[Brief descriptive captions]
Segment Open

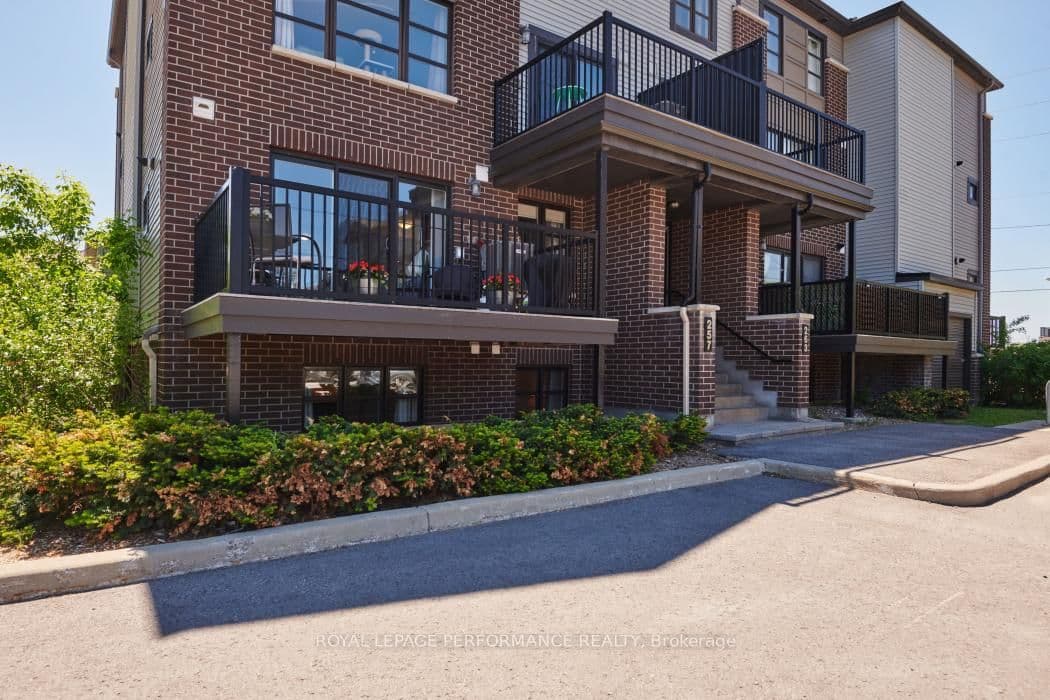 4 - 257 Infusion Private, Ottawa, ON — photo 2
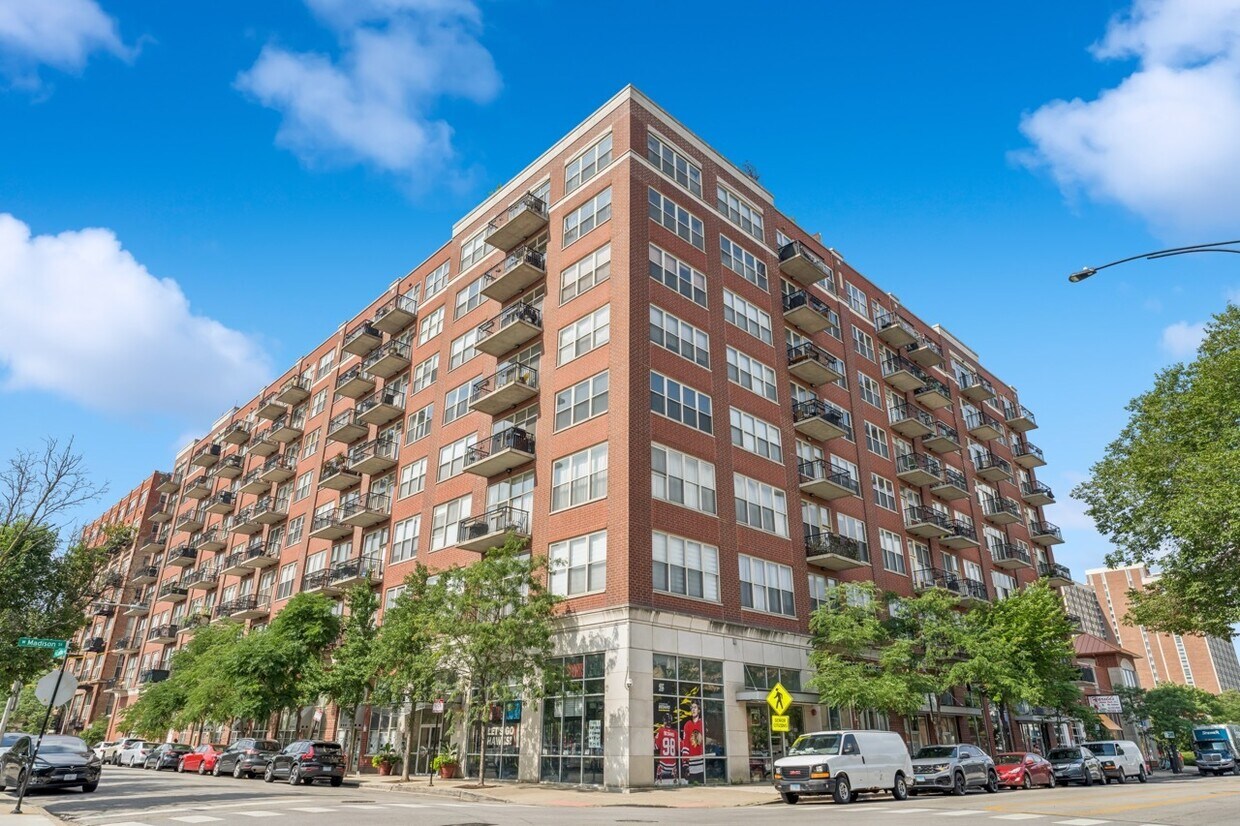 Foto principal - 6 S Laflin St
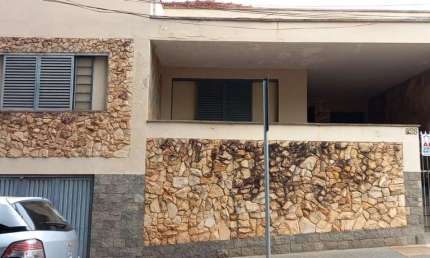 Casa Comercial para Locação em Presidente Prudente, Centro, 3 dormitórios, 1 suíte, 2 banheiros, 2 vagas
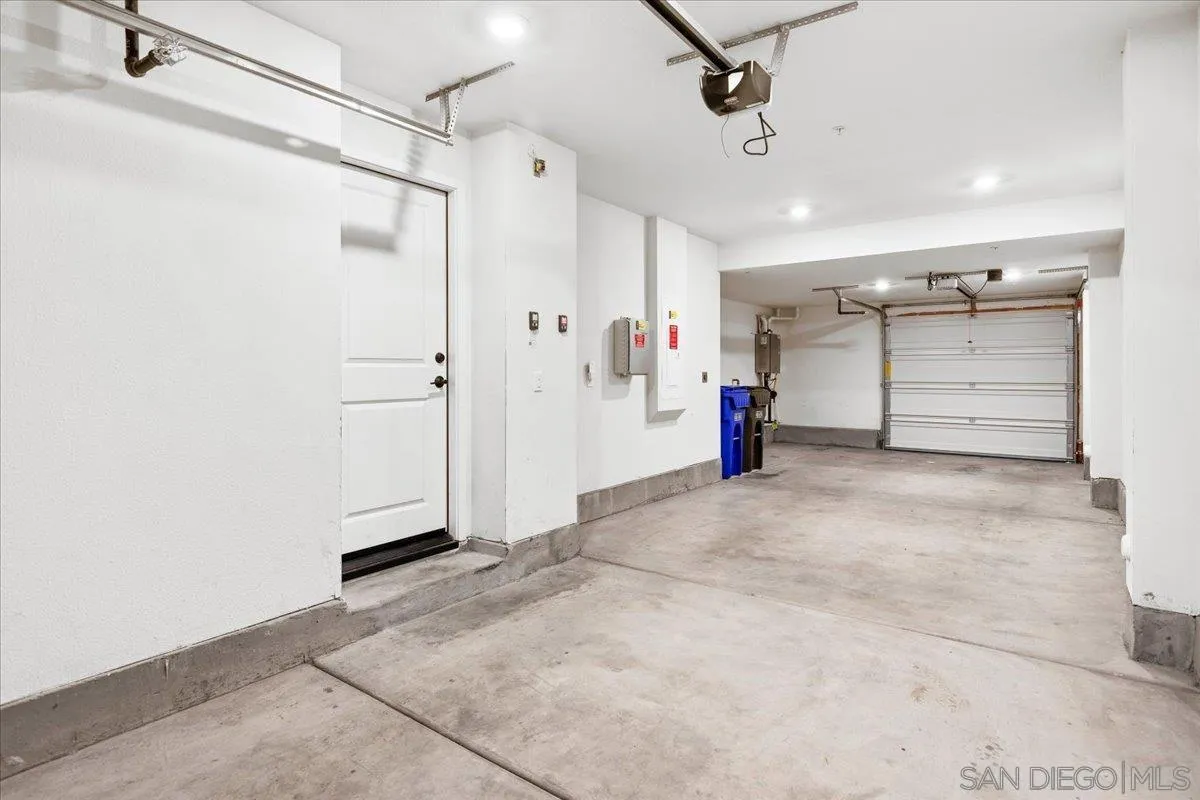 https://cdn.realtyfeed.com/cdn/127/260021540/71011c078c3293621cf4ed8eae5293a3.webp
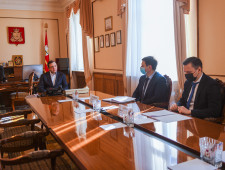 губернатор Алексей Островский провел совещание по вопросам участия региона в социальном рейтинге Агентства стратегических инициатив - фото - 1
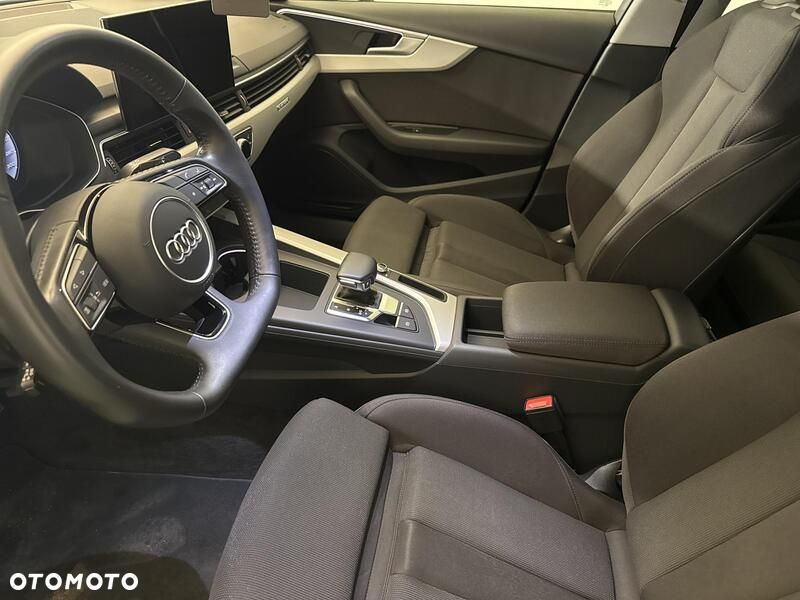 Audi A4 40 TDI Quattro Advanced S tronic - 11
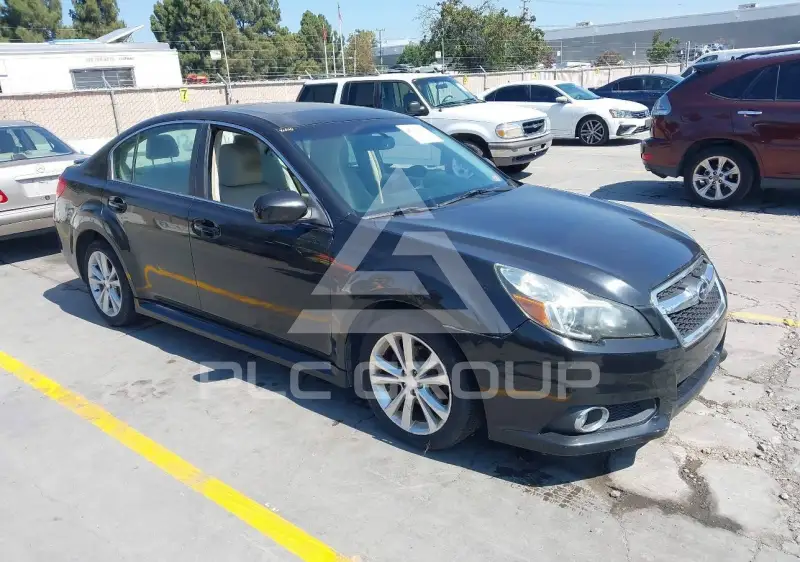 2013 Subaru Legacy фото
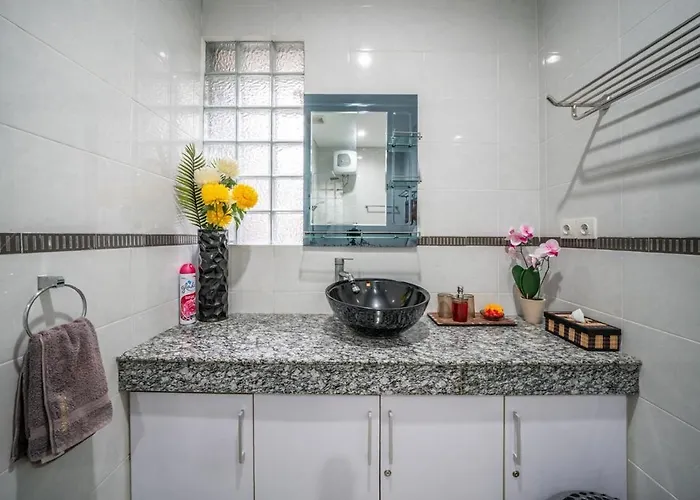 - 3 Bedroom Private Pool On Jl Mataram! *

Segment Closed

WORK INSTRUCTION: Type out each line of the records above exactly, skipping any pictures.

WORKED SOLUTION:
 4 - 257 Infusion Private, Ottawa, ON — photo 2
 Foto principal - 6 S Laflin St
 Casa Comercial para Locação em Presidente Prudente, Centro, 3 dormitórios, 1 suíte, 2 banheiros, 2 vagas
 https://cdn.realtyfeed.com/cdn/127/260021540/71011c078c3293621cf4ed8eae5293a3.webp
 губернатор Алексей Островский провел совещание по вопросам участия региона в социальном рейтинге Агентства стратегических инициатив - фото - 1
 Audi A4 40 TDI Quattro Advanced S tronic - 11
 2013 Subaru Legacy фото
 - 3 Bedroom Private Pool On Jl Mataram! *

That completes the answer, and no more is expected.